詰棋書紹介(16) 極光21


極光21 上田吉一 河出書房新社 2001.12.30

この本をまだ読んだことがない人は不幸だ。
それは詰将棋の極上の旨さを味わっていないということだから。
そして最高に幸運だ。
これから読めるんだから。

もう最近は記憶が怪しくて嘘を書いていたら申し訳ないのだが、森信雄七段だったと思う。
「皆が皆、上田吉一と若島正を崇拝している現状は危険だと思う。」
こう発言しているのを聞いた。
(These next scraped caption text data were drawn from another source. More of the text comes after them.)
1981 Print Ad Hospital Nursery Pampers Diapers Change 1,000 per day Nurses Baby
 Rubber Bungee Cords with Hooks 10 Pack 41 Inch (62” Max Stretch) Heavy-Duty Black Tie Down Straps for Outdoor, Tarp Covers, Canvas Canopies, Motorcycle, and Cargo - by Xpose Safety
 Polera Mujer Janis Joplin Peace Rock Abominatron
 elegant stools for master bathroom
(「将棋マガジン」がまだあった頃)

多様性が詰将棋界の発展の基盤なのに、皆が上田と若島のコピーばかりしていたら今後の詰将棋界の発展はどうなるんだと心配しているわけである。

このサイトが「風みどりの玉手箱」という名前だった頃に、「詰将棋イロハかるた」という名作紹介を書いたことがある。(ほんの序盤で中断したままになっている)
「あ」の項なら「合駒の綾」「朝霧」
「い」の項なら「移動捨合」
「う」の項なら「打歩詰」「馬鋸」「打ち替え」
という感じで、それぞれ数作集めて並べて鑑賞するのが狙いだ。

ところが、作品を選んでいるといくつもの項目で上田吉一作品がトリになってしまう。
もしかしたら上田吉一もイロハかるたを考えて、それぞれの究極の作品を作ろうと創作活動をしているのではないかと思った。
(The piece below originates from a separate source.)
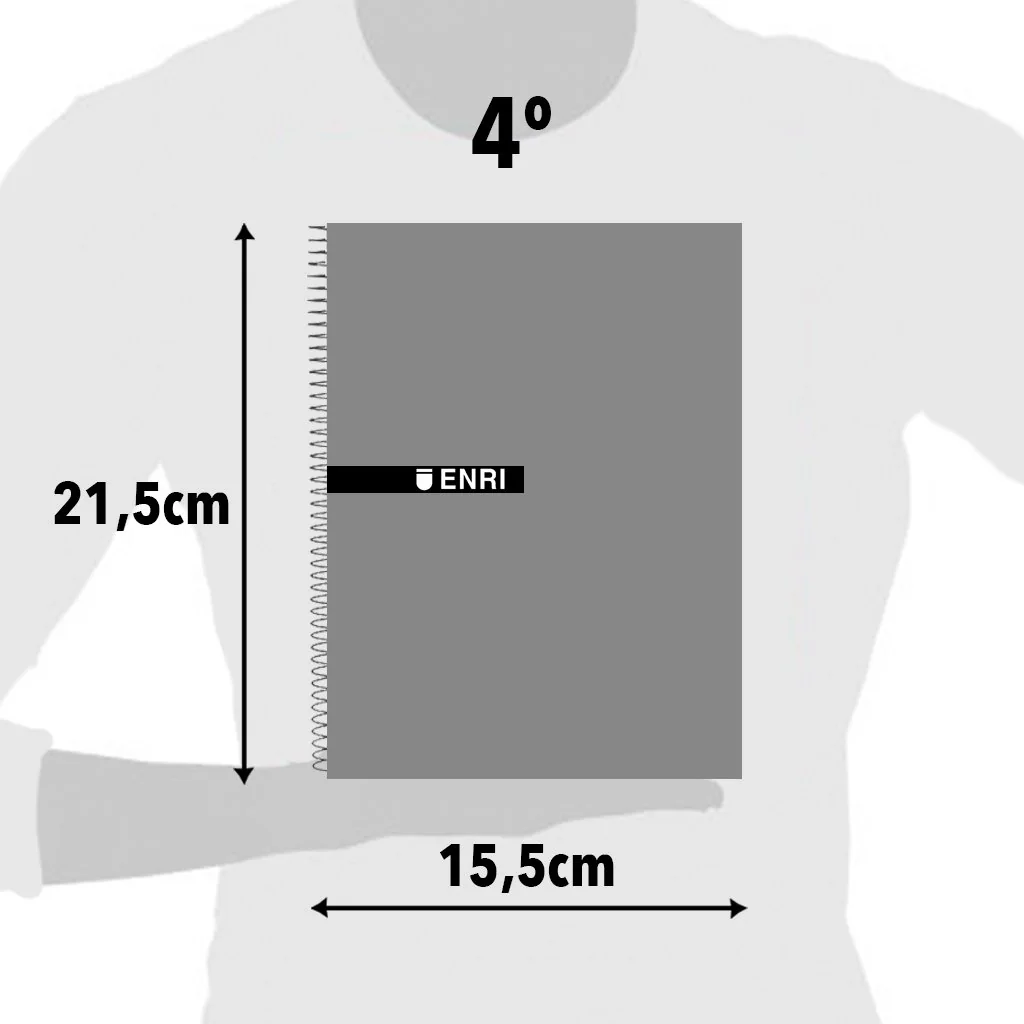 Enri, Cuadernos A5 cuadriculados 4x4, tapa plástico, 80 hojas. Pack de 5 unidades, colores aleatorios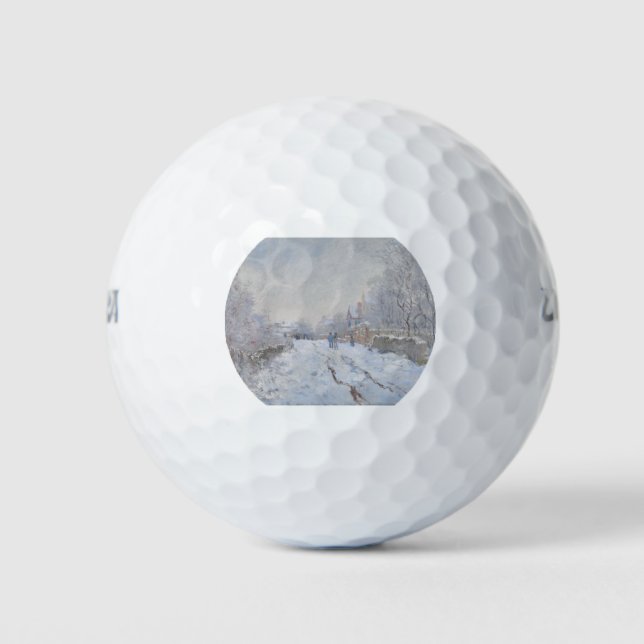 Snow at Argenteuil (by Claude Monet) Golf Balls (Front)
いや、少なくとも様々なテーマを縦断的に創作していることは間違いない。

なので、作品を1つ紹介するパターンで書いている「詰棋書紹介」だが、とても1つに絞れないのだ。

で、結局選んだのが、本書の中で最も特徴が薄いかもしれないこの1局。

4手目と6手目の合駒の読みなんだけど、伝わるかなぁ、解き味が上品なのだ。
是非味わってみてほしい。

若島正による解説から引用する。

上田さんはよく「遊ぶ」という言葉を口にする。上田さんにとっては、詰将棋を作るのも、フェアリー詰将棋を作るのも、みな「遊んでいる」だけなのである。いっぱしの芸術家になったような思い込みは、上田さんには無縁だ。
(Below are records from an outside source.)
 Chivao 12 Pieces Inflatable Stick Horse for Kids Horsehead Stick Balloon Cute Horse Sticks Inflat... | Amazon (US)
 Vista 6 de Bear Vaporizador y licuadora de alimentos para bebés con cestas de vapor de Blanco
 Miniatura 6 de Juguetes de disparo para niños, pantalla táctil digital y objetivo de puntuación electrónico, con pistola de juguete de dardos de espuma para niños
この「極光21」、河出書房新社さん、是非是非重版してほしい。

現状では古書で探すしかない。

筆者も5冊ぐらい購入したのだが、いつの間にかなくなっていて販売できるのはあと1冊だけ。
古書といっても新品同様の綺麗さです。早い者勝ちですよ。→つみき書店

売り切れました。

残り1冊は死ぬ前に売ります。

また本書には収録されていないのだが、このサイトでは上田吉一作品をもう1局紹介している。
名局精解4上田吉一の伏線作品を解く!

「詰棋書紹介(16) 極光21」への2件のフィードバック

  1. 創棋会作品展に若島さんが発表済みの手筋を変化手順に組み込んだら、変化手順を作意手順にしろと、解答者からお叱りを受けた、っけ。
    詰パラ誌の解答者レベルの低さが本当に嫌になった。
    大作家の真似をしろ、ていうかひと回り下の僕ですら、彼等は過去の人だと思っているから彼等の真似をしたいとは思わない。